The preliminary issues
Directions were given for the trial of the following preliminary issues:
Whether the cover provided under the excess policies:-
included the extension of cover contained in General Condition 2 of the primary policy in respect of claims made after the policy period arising out of circumstances notified within the policy period; or
Only provided cover in respect of claims made within the policy period.
Whether, in the event that cover provided under the excess policies included the extension of cover referred to above:-
The notice required in order to extend cover to the claims arising out of the circumstances thus notified had only to be given to the insurers subscribing to the primary policy; or
It was necessary for such notice to be given to the insurer on the particular policy in the excess layer in question.
Whether the provision of Schedule 1 to the primary policy identifying Bowring as the person to whom claims were to be notified was incorporated, expressly or by implication, into the excess policies with the result that, in the event that the excess policies incorporated the extension of cover referred to above but that the relevant notice needed to be given within the policy period to the insurers subscribing to the excess policies, this requirement was satisfied by the giving of notice to Bowring.
Whether LMA’s letter of 28th January 1994 constituted notice of the circumstances identified therein to
the insurers subscribing to the primary policy; and
the insurers subscribing to the excess policies.
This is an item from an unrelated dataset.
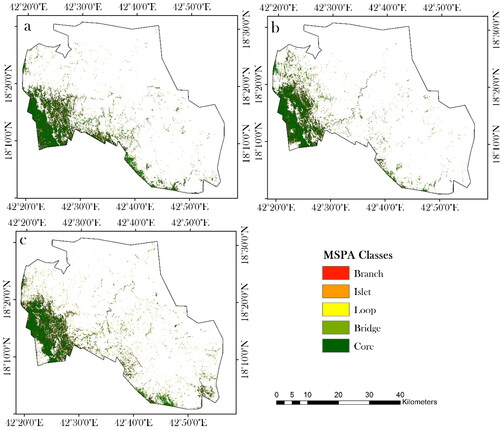 Figure 5. MSPA of the vegetation demonstrating the evolution of vegetation morphology in terms of core, bridge, loop, islet, and branch structures for (a) 1990, (b) 2000, and (c) 2020.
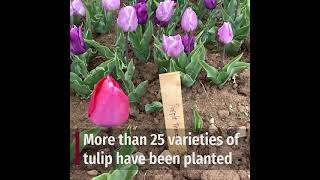 150,000 tulips planted in rural northern Catalonia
In the event that cover provided under the excess policies included the extension of cover referred to above and the requisite notice of the relevant circumstances was given within the policy period, what (if any) further requirements as to the giving of notice were imposed on LMA by
General Condition 2 of the primary policy (to the extent that it was incorporated into the excess policy); and/or
Clause 5 of the Co-insuring policy.
Whether any such further requirements as to the giving of notice as may be identified in answer to question 5 above was
a condition precedent to liability under the excess policies;
an innominate term, breach of which might if sufficiently serious excuse the insurers subscribing to the excess policies from liability; or
a term breach of which gives rise to a right to damages only.
Without prejudice to the above, whether, on the true construction of the excess policies, the provisions of the excess policies extend to claims in respect of which the claimant seeks an indemnity.
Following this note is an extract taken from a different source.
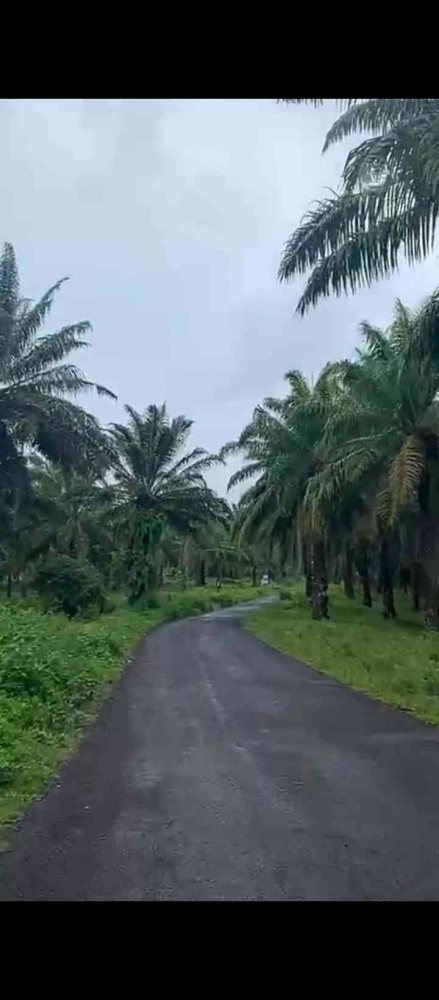 Kebun sawit. dok pribadi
Whether, in the event that clause 5 of the Co-insuring policy is an innominate term and assuming that LMA (or the claimant) has committed a repudiatory breach of clause 5 by failing to notify claims to the defendants in accordance with its provisions
the defendants have a defence to the claims the subject of such repudiatory breach irrespective of whether or not they have accepted such breach; or
the defendants have a defence to the claims the subject of such repudiatory breach provided that they have accepted such breach; or
the defendants have a defence to the claims the subject of such repudiatory breach provided that they have accepted such breach and that the losses the subject of such claims occurred after such acceptance.
Issue 1: Do the excess policies cover claims arising out of any circumstances notified to the underwriters during the policy period?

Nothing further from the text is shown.